Team meeting construction products regulation discussion | Ecochain

Summary (TL;DR) of what this post is about

  • Getting internal buy-in is the most common CPR regulation readiness challenge sustainability managers face. This post is a step-by-step guide to communicating CPR changes internally, covering everything from the first leadership conversation to cross-functional team alignment. These insights are drawn from our Behind the Product Impact video series.
  • When communicating to your management the need to comply with CPR, the revenue framing usually works where the regulatory framing doesn’t. Non-compliance with EU CPR regulation often means lost tender access and lost customers. 
  • CPR product data requirements in most cases go well beyond what most manufacturers currently have structured. EN 15804 Environmental Product Declarations, Life Cycle Assessment (LCA) foundations, and supplier-specific inputs all need to be in place. Getting there is a company-wide effort, not a solo sustainability project.

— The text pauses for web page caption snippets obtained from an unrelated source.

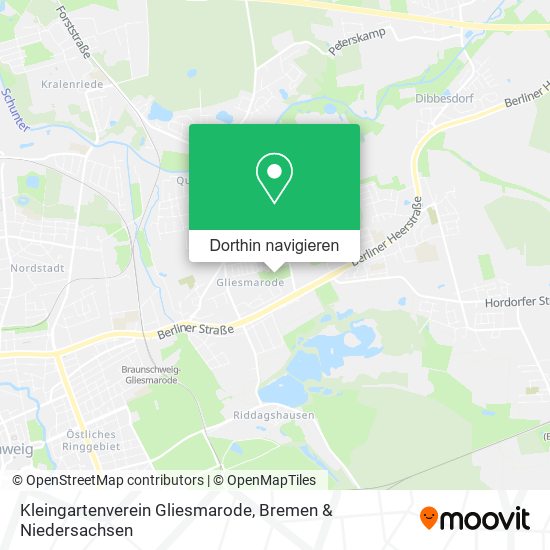 Kleingartenverein Gliesmarode Karte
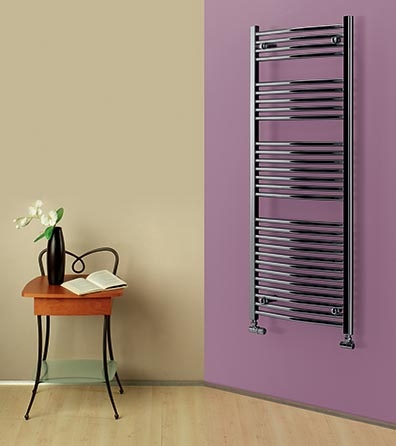 Lazzarini Sanremo egyenes törölközőszárítós radiátor, króm 690x450 mm (386487)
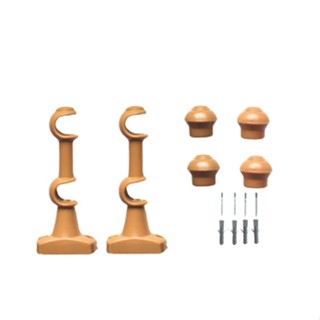Par De Suporte 19/19mm Compacto Para Varão De Cortina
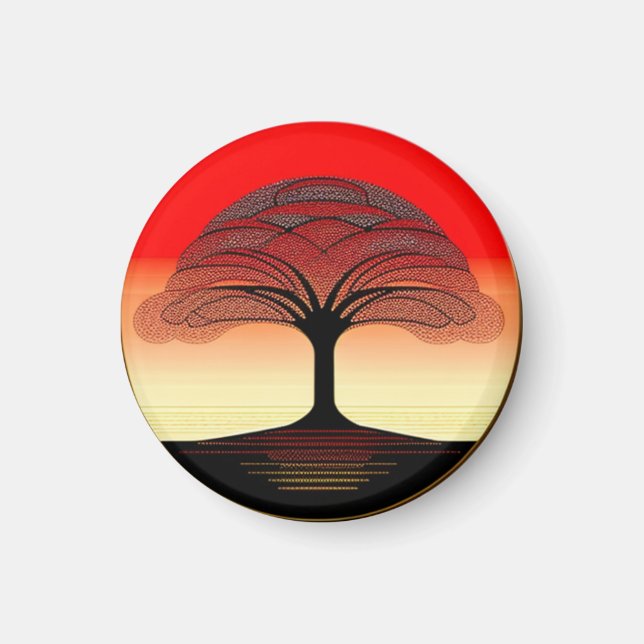 Sunrise Tree of Life Magnet (Front)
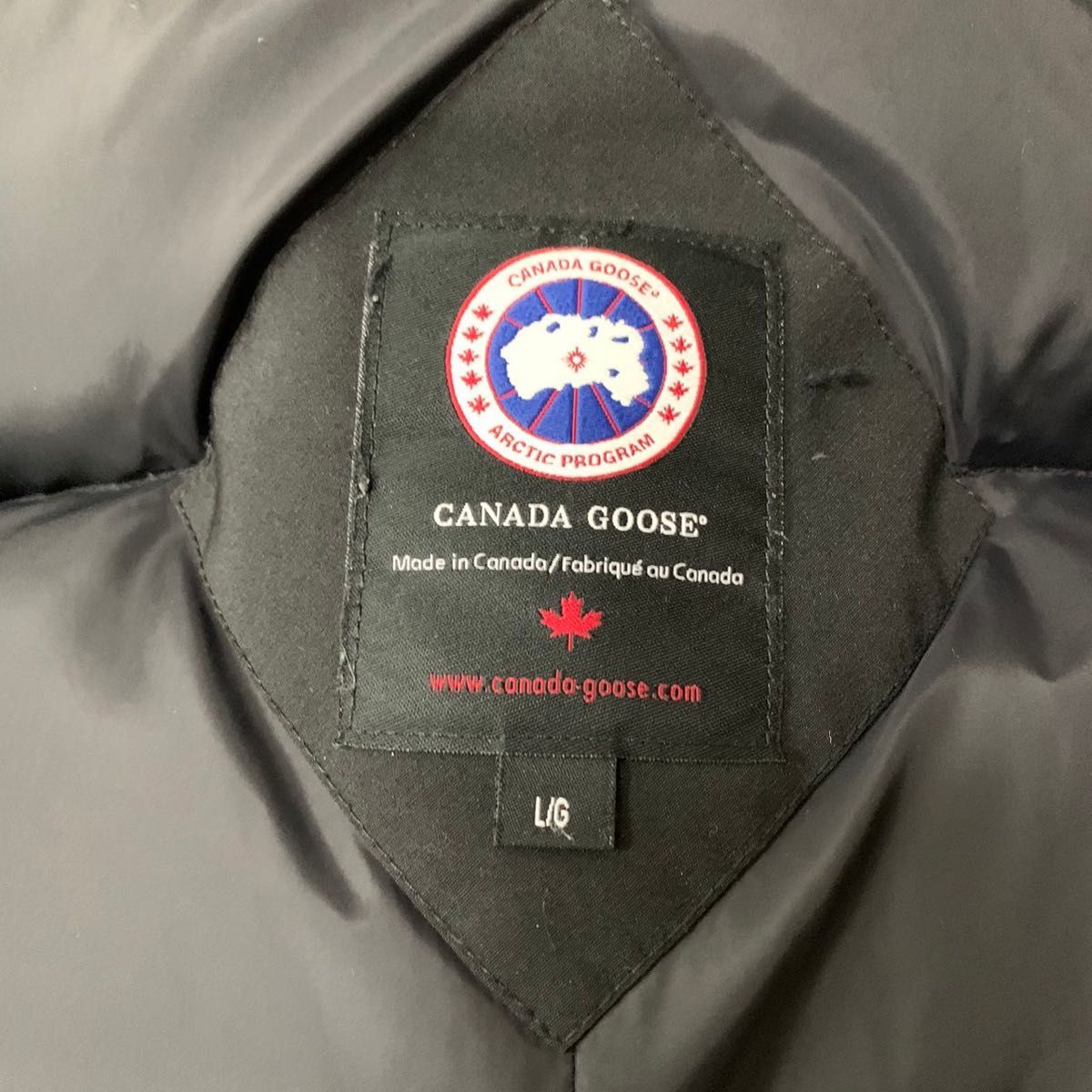 【美品】CANADA GOOSE カナダグース ジャスパー ダウン メンズ L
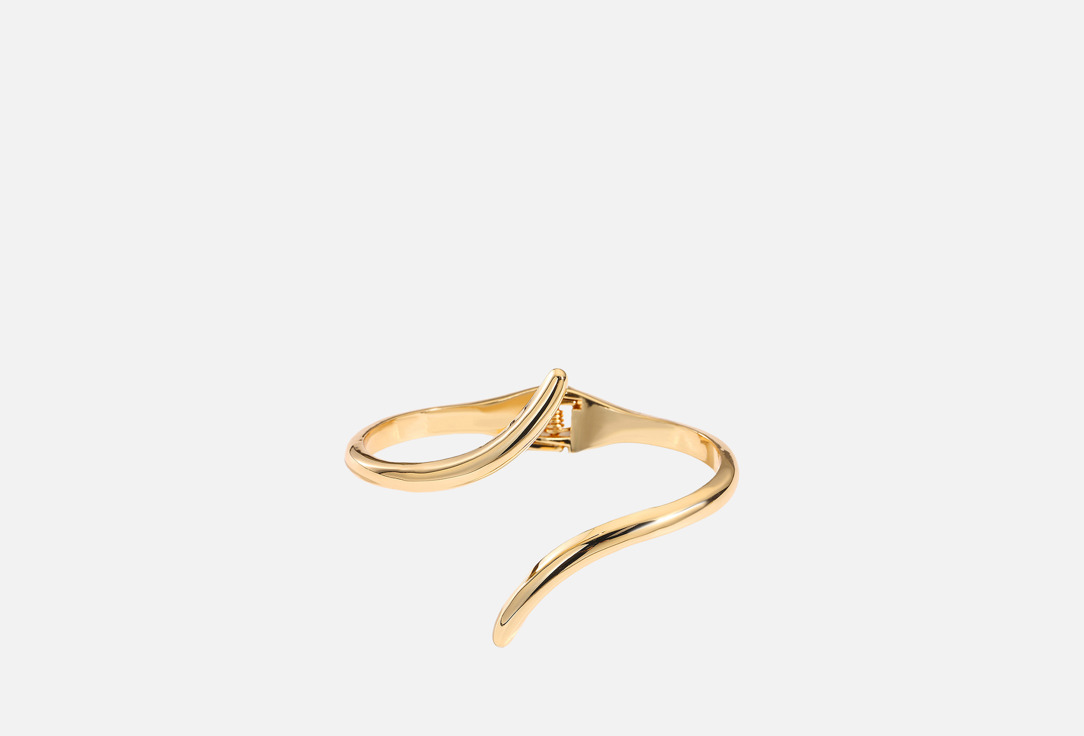 

Браслет AMPOUS, Golden fluid cuff bracelet 1 шт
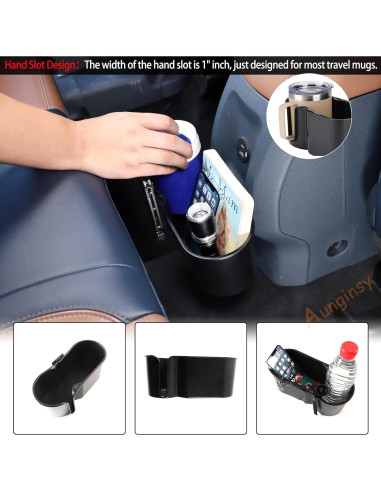 Organizador de Portavasos Trasero Aunginsy para Ford Maverick 2022-2024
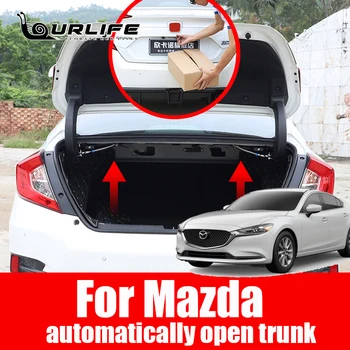 Для Mazda 3 автомобильные аксессуары three axela, регулируемое автомобилем автоматическое пружинное устройство для подъема крышки багажника автомобиля
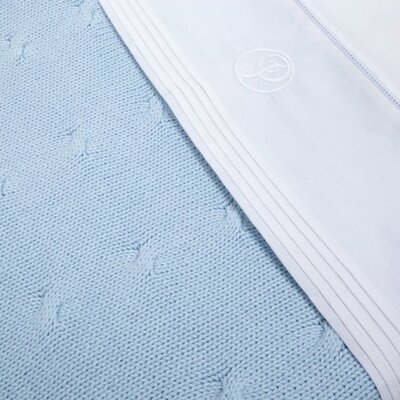 Wiegdeken 80x100cm Blue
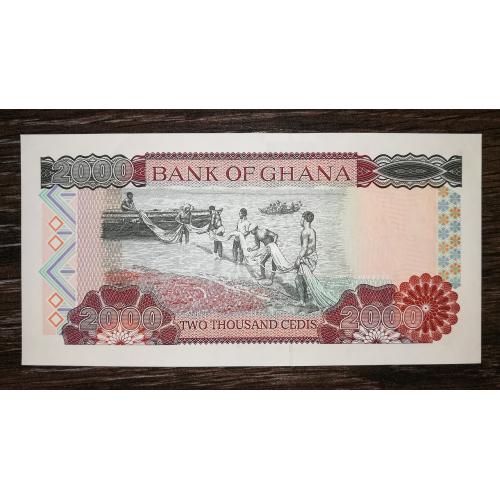 GHANA Гана 2000 седи 5 декабря 1996 Р33. № АА 002...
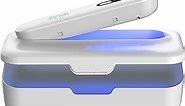 UV Light Sanitizer Box – UV Cell Phone Sanitizer, Phone Cleaner, UV Sterilizer Box, 2 in 1 Design with Removable UV Light Sanitizer Wand, Portable, Rechargeable Ultraviolet Light Disinfection, White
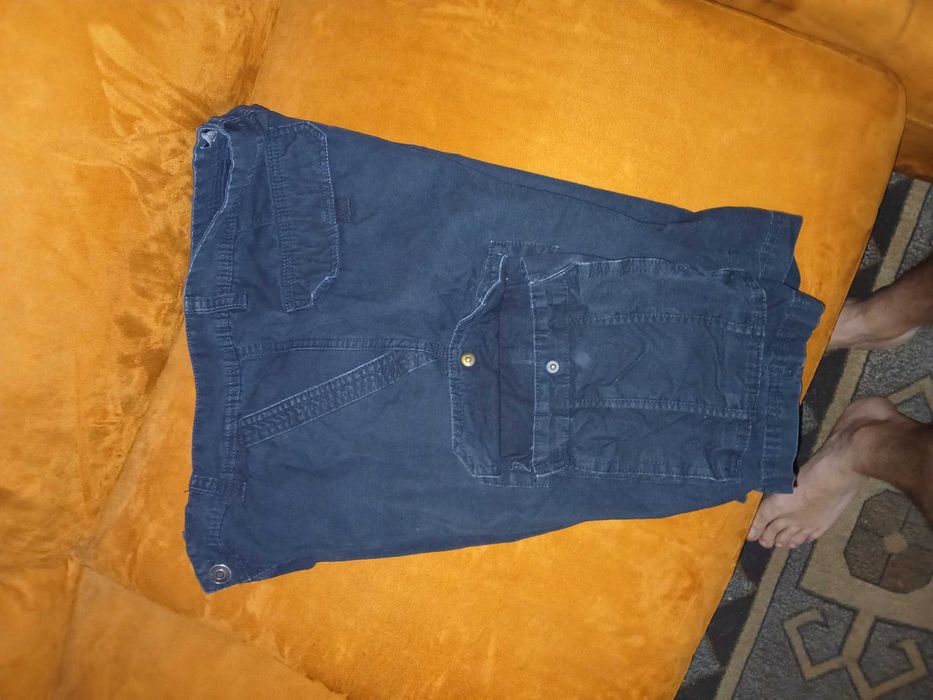 Pantaloni Scurți Cargo Negru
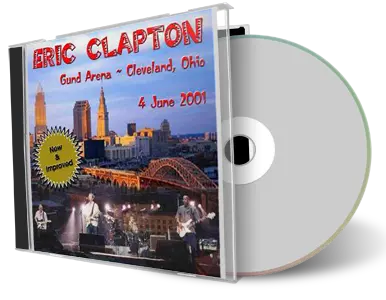 Artwork Cover of Eric Clapton 2001-06-04 CD Cleveland Audience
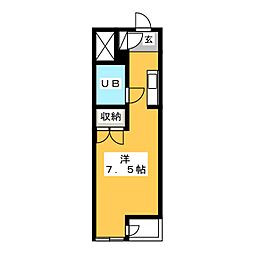 ＥＳＰＡＣＥ　Ａ 3階ワンルームの間取り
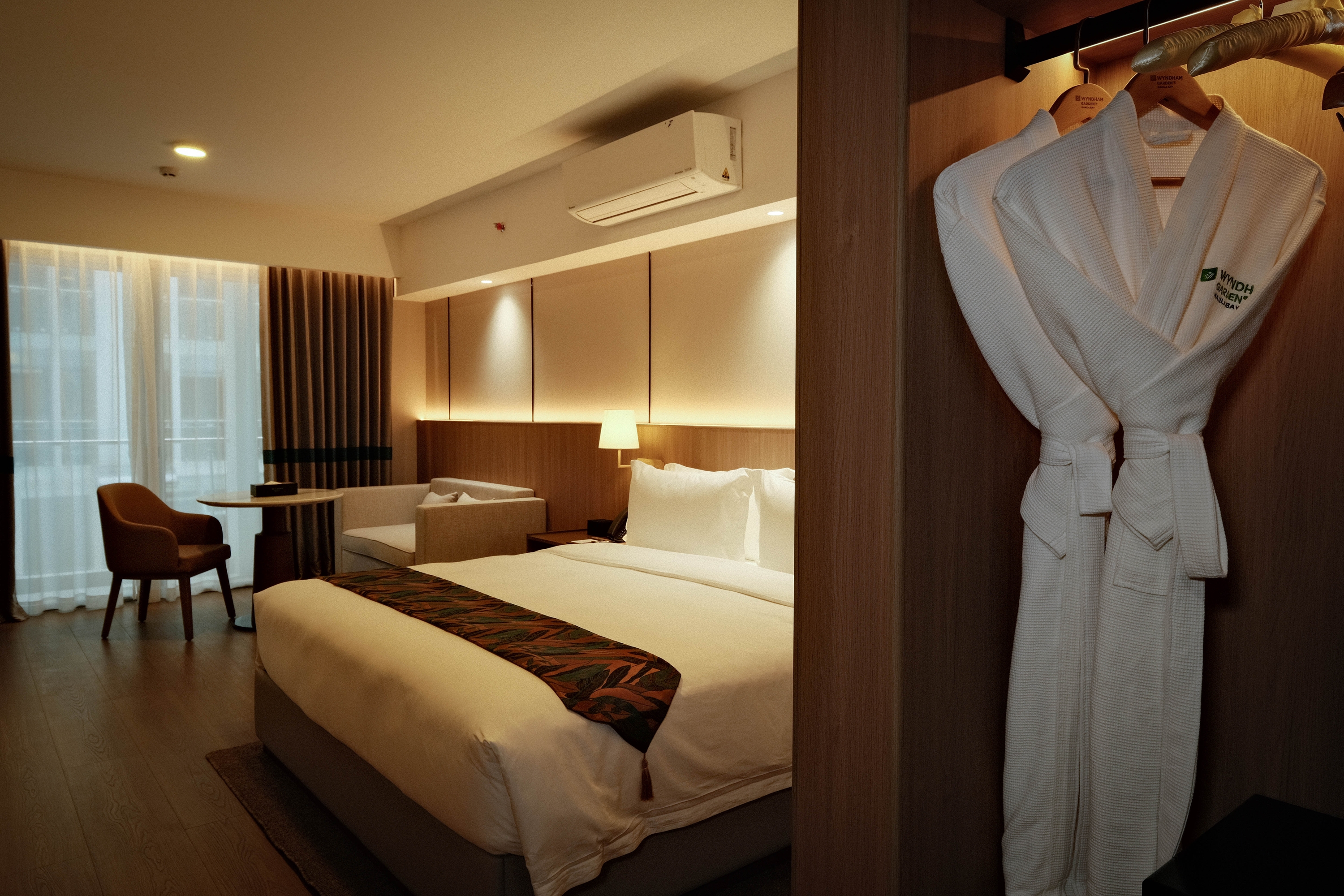 Guest room at the Wyndham Garden Manila Bay in Manila, Other than US/Canada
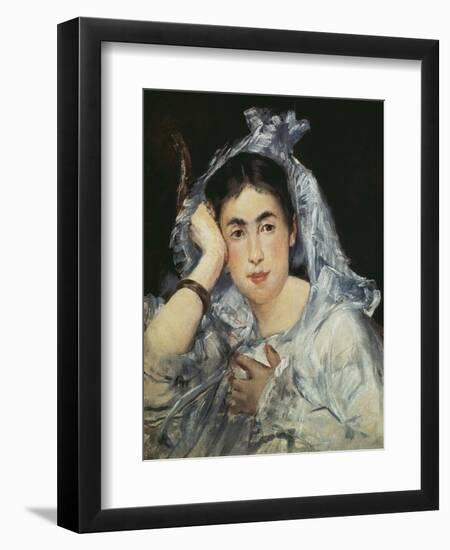 Marguerite De Conflans Wearing a Hood, 1873-Edouard Manet-Framed Giclee Print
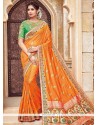 Patch Border Work Banarasi Silk Traditional Designer Saree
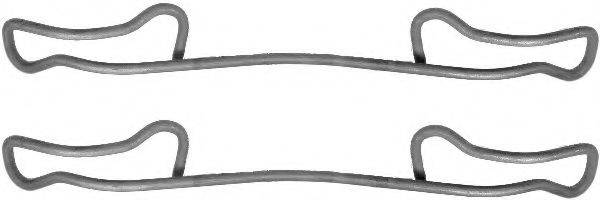 HELLA 8DZ355201241 комплект приладдя, гальмівний супорт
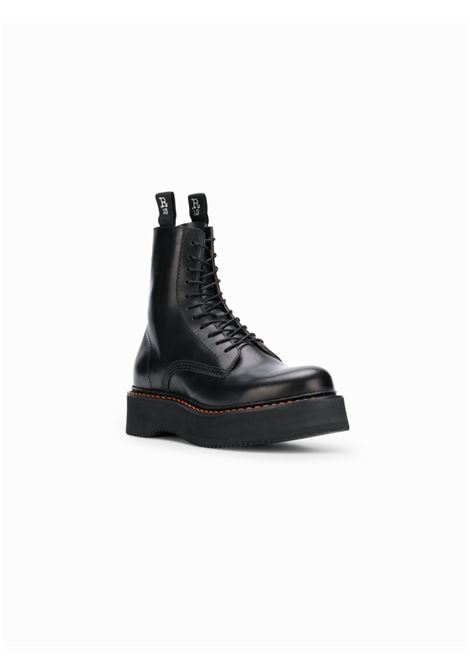 Stivaletti single stack 40 in nero - donna R13 | R13WS025S001A
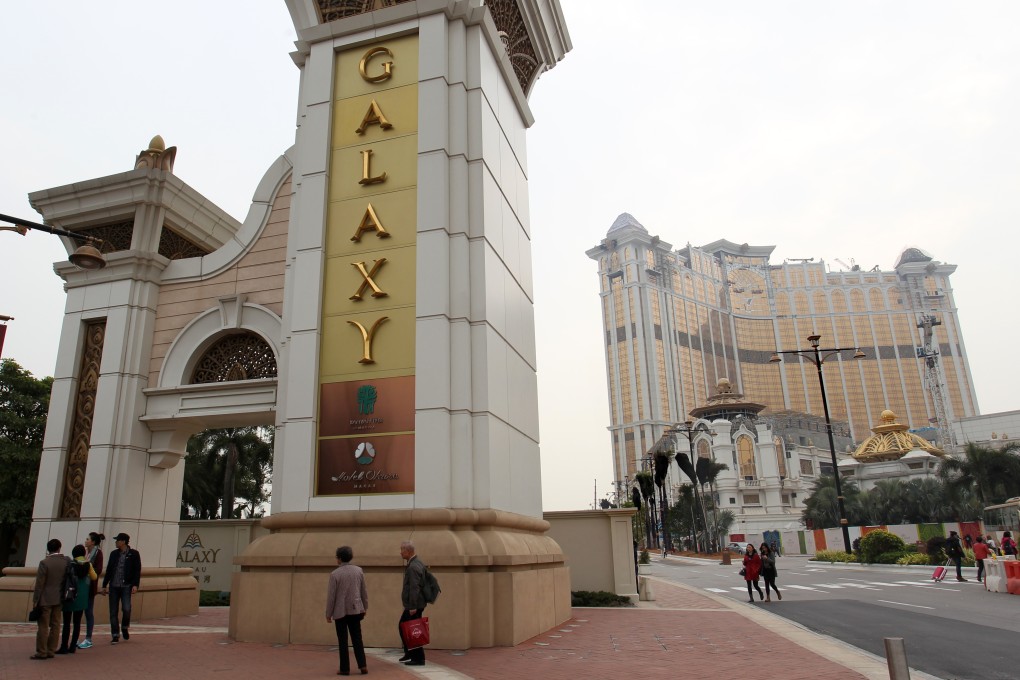 Entrance to the Galaxy Hotel and Casino in Macau. Photo: Dickson Lee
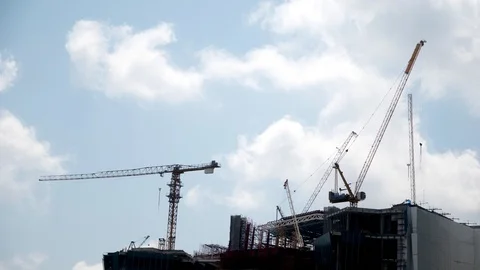 Construction site, time lapse Stock Footage 88283101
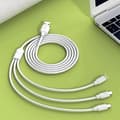 Miniatyrbilde 2 av 5: Datakabel 3-i-1 Universal 1m 8Pin Type-C Micro USB Hurtigladekabel Kompatibel iPhone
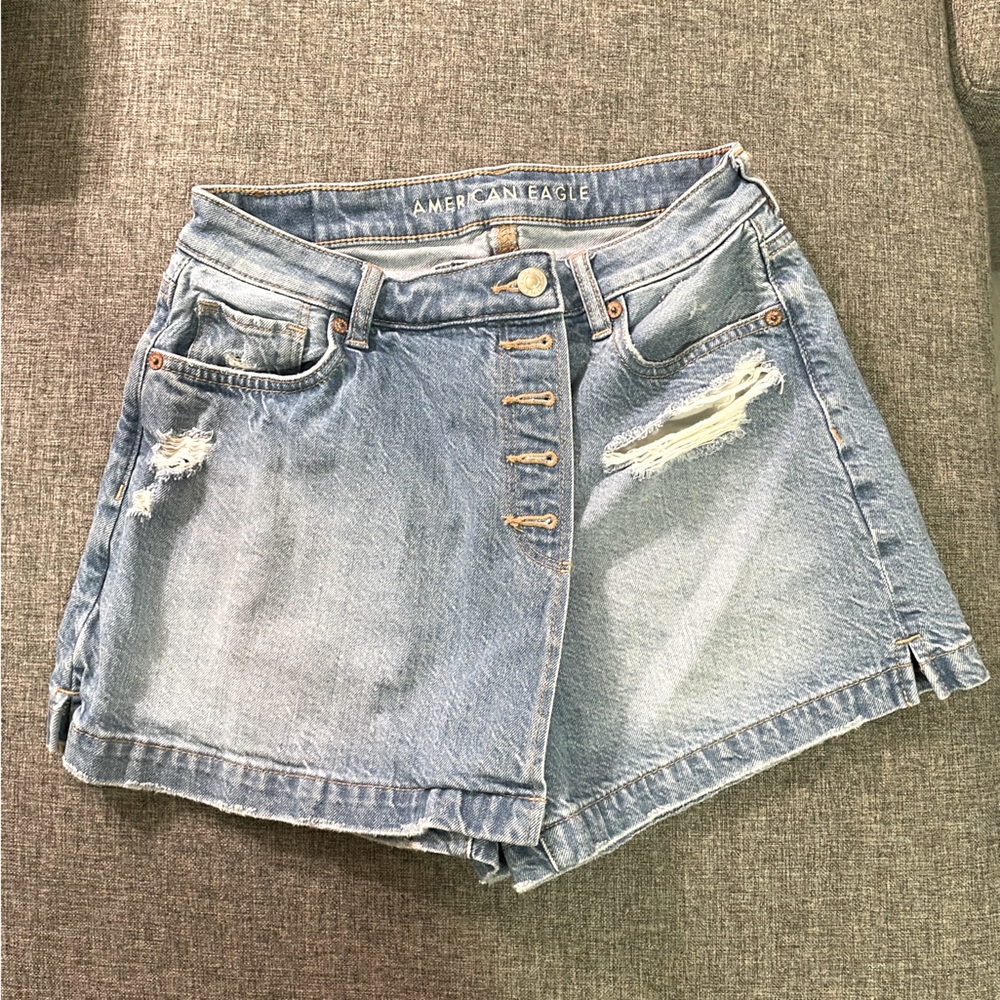 American Eagle Jean Skort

Why getting internal buy-in on CPR regulation is harder than it sounds

Here’s a scenario we’ve heard all too often: you’ve spent the last few months getting up to speed on the Construction Products Regulation (CPR). You understand the timeline. You know GWP declarations are mandatory now, more impact categories are coming, and that LCAs aren’t optional. You’ve even started thinking about which products to prioritize.

Then you walk into a meeting with leadership and try to explain it.

Halfway through, someone asks if this is the same as Corporate Sustainability Reporting Directive (CSRD). Another person says they thought CPR was “being handled by the compliance team.” By the end of the meeting, the conversation has drifted. The main thing the room agrees on is that you’ll revisit it next quarter.

Sound familiar? You’re not the only one.

Getting internal traction on CPR is one of the most common challenges sustainability and product managers raise in conversations with us. The regulation is complex enough that translating it into plain business language takes real effort. Once you do, it can still feel abstract to people who haven’t been following it.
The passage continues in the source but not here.